En outre, le développement de simulateurs de réalité virtuelle pour les opérations pourrait fournir des moyens sûrs d’acquérir de l’expérience. Le Groupe recommande la mise en place de programmes d’éducation et de formation spécifiques aux technologies des drones, aux cadres réglementaires et à l’intégration aux plans de mobilité urbaine durable dans tous les États membres.
De tels programmes à travers l’Europe favoriseraient les compétences et le progrès technologique, mais augmenteraient également la sensibilisation et l’acceptation du public à l’utilité des drones. Le Groupe encourage les autorités nationales compétentes à se prévaloir des ressources et des capacités de formation adéquates pour que son personnel puisse approuver rapidement le lancement et le déploiement d’opérations de drones aux niveaux national et local.

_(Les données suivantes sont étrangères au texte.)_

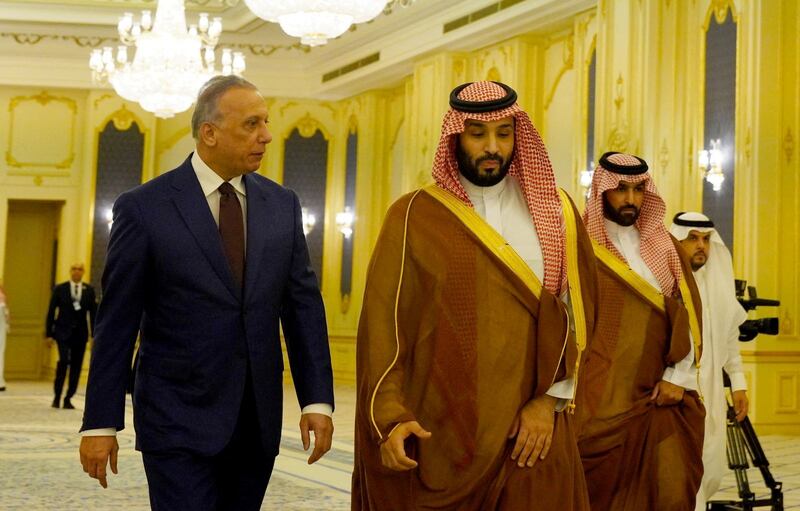 Saudi Crown Prince Mohammed bin Salman meets Iraqi Prime Minister Mustafa Al Kadhimi, in Jeddah. Reuters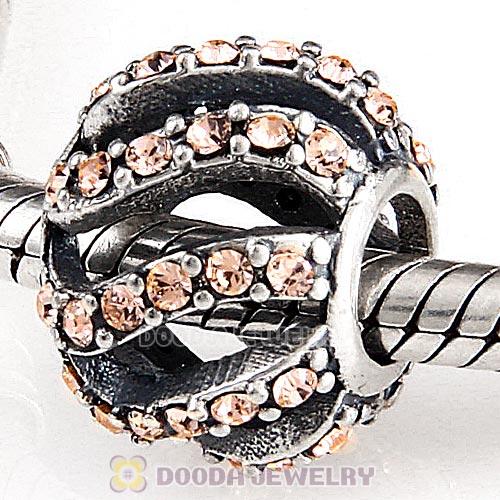 Sterling Silver Winter Wisp Bead with Light Peach Austrian Crystal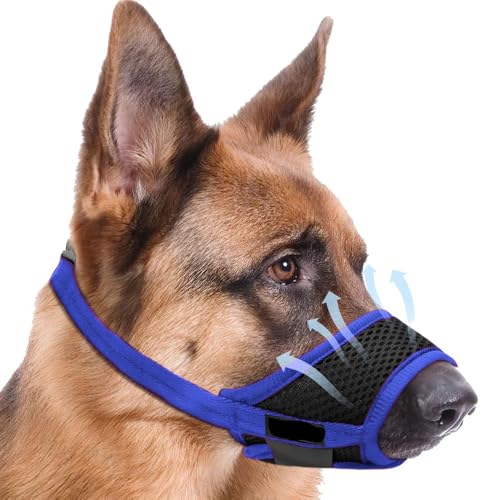 Upgraded Dog Muzzle – Soft & Breathable Nylon Muzzle for Small to Large Dogs | Anti-Biting, Chewing & Barking | Adjustable Strap for German Shepherd, Pitbull | Safe for Panting & Drinking (S)
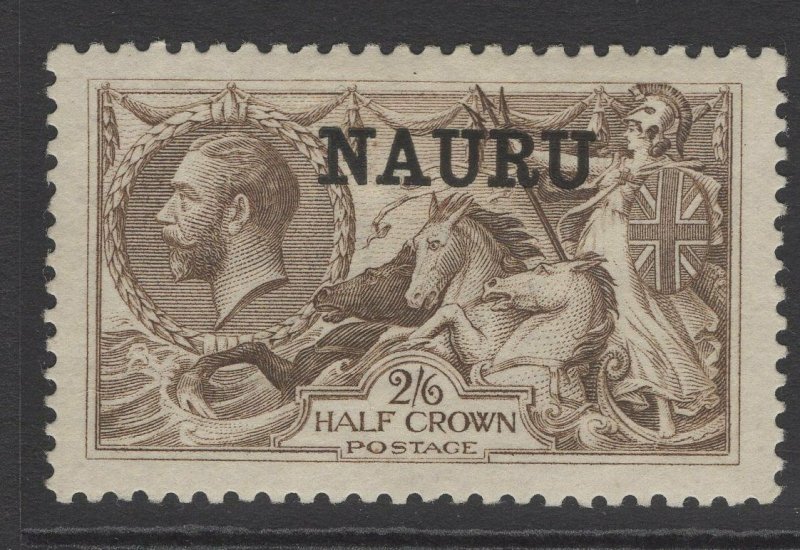 NAURU SG24b 1919 2/6 CHOCOLATE-BROWN DOUBLE OVPT, ONE ALBINO MTD MINT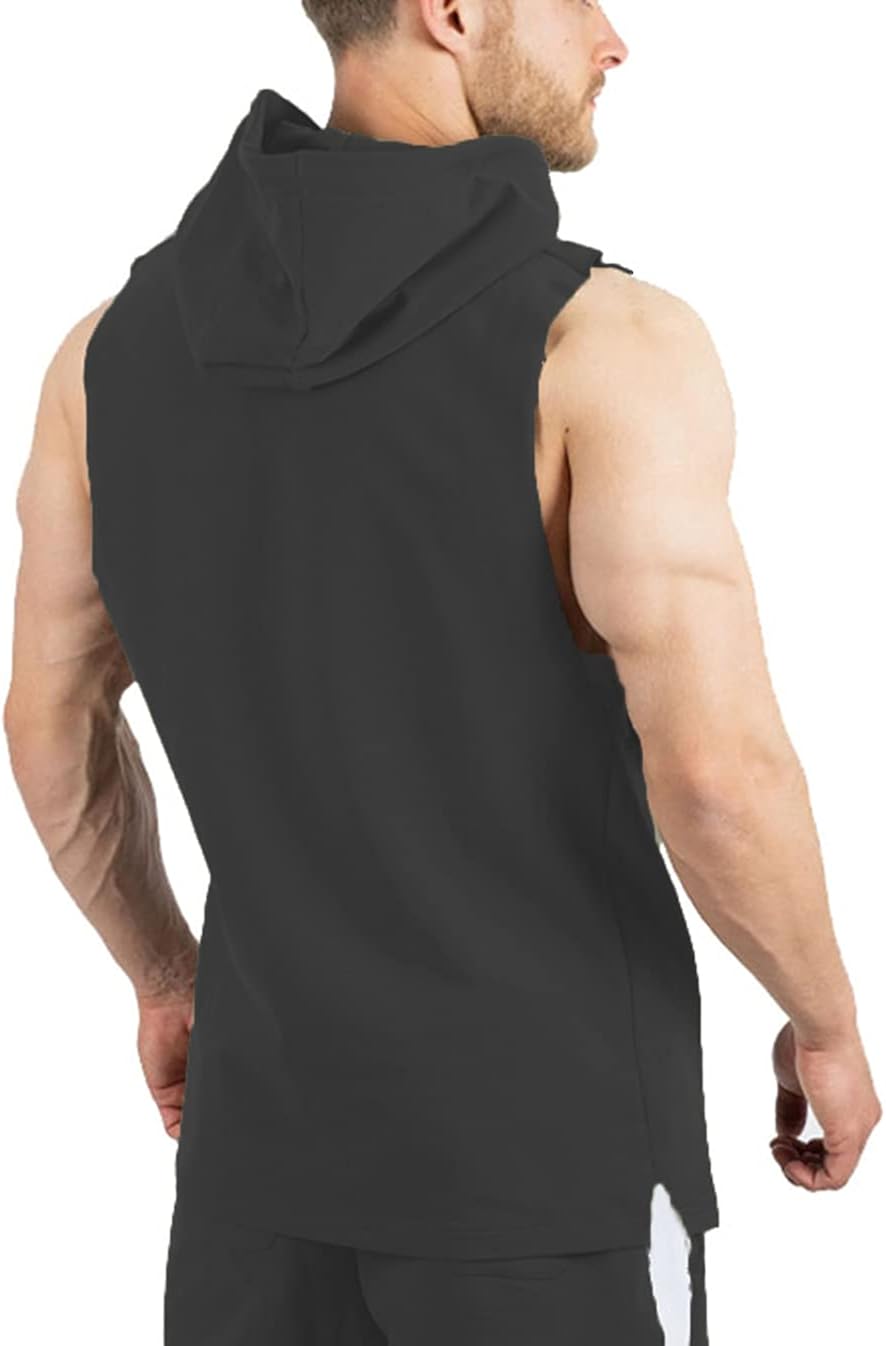 URRU Men's Workout Hoodie Tank Top Bodybuilding Gym T-Shirt Sleeveless Hooded Muscle Shirt with Pockets: Clothing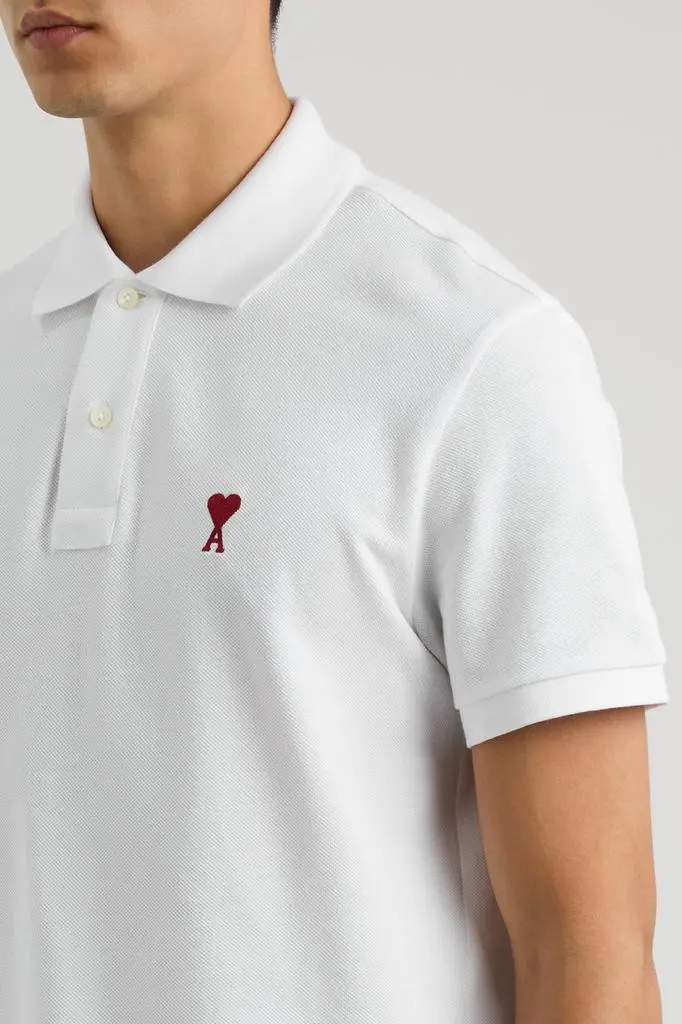 AMI Logo-embroidered piqué cotton polo shirt 5
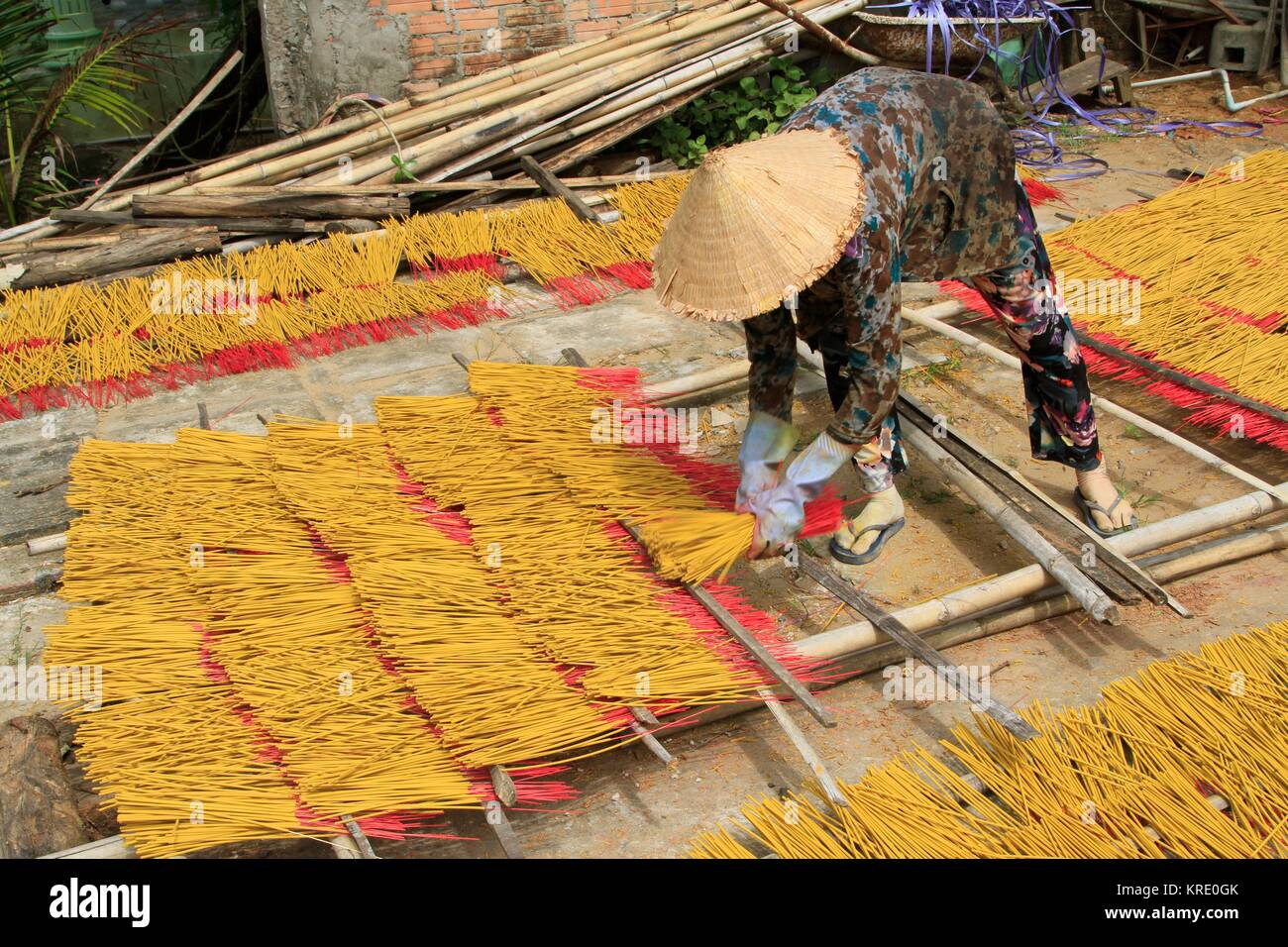 Incense production and drying, Mekong Delta, Vietnam Stock Photo Alamy
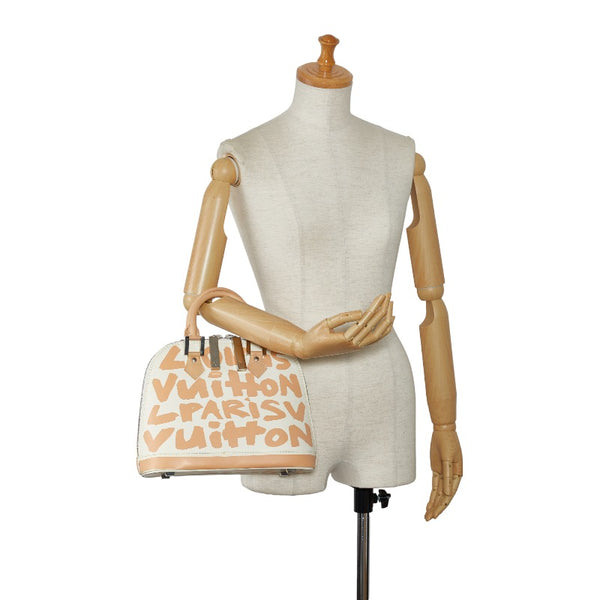 ルイ ヴィトン モノグラム グラフィティ アルマMM ハンドバッグ M92180 ホワイト ベージュ レザー レディース LOUIS VUITTON 【中古】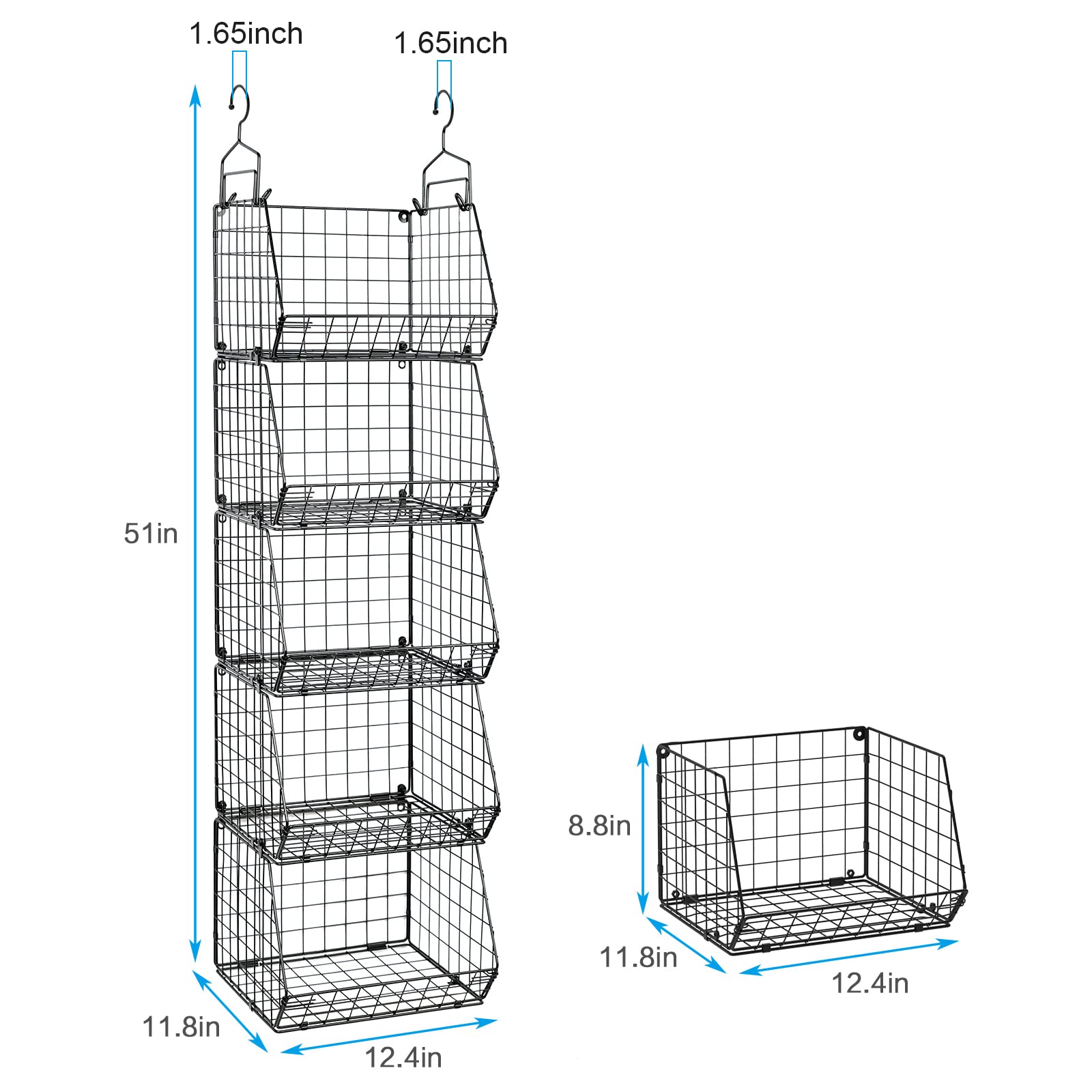 5 Tier Closet Hanging Organizer, Clothes Hanging Shelves with 4 Hanging Hooks 5 S Hooks, Wire Storage Basket Bins, for Clothing Sweaters Shoes Handbags Clutches Accessories Patent Design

La réglementation des drones n’est pas toujours facile à comprendre par les autorités locales (villes, métropoles, communautés, etc.), qui manquent de connaissances de base sur l’écosystème de l’aviation. Par conséquent, des mesures de renforcement des capacités devraient être prises pour améliorer la compréhension et la pratique des administrations locales des règles en place afin de soutenir l’approbation des opérations, la certification et la surveillance de la sécurité.
Enfin, le Groupe souligne que les États membres devraient assurer une formation suffisante du personnel concerné, y compris les autorités locales, afin de se préparer davantage à identifier les menaces de drones non coopératifs et à y réagir.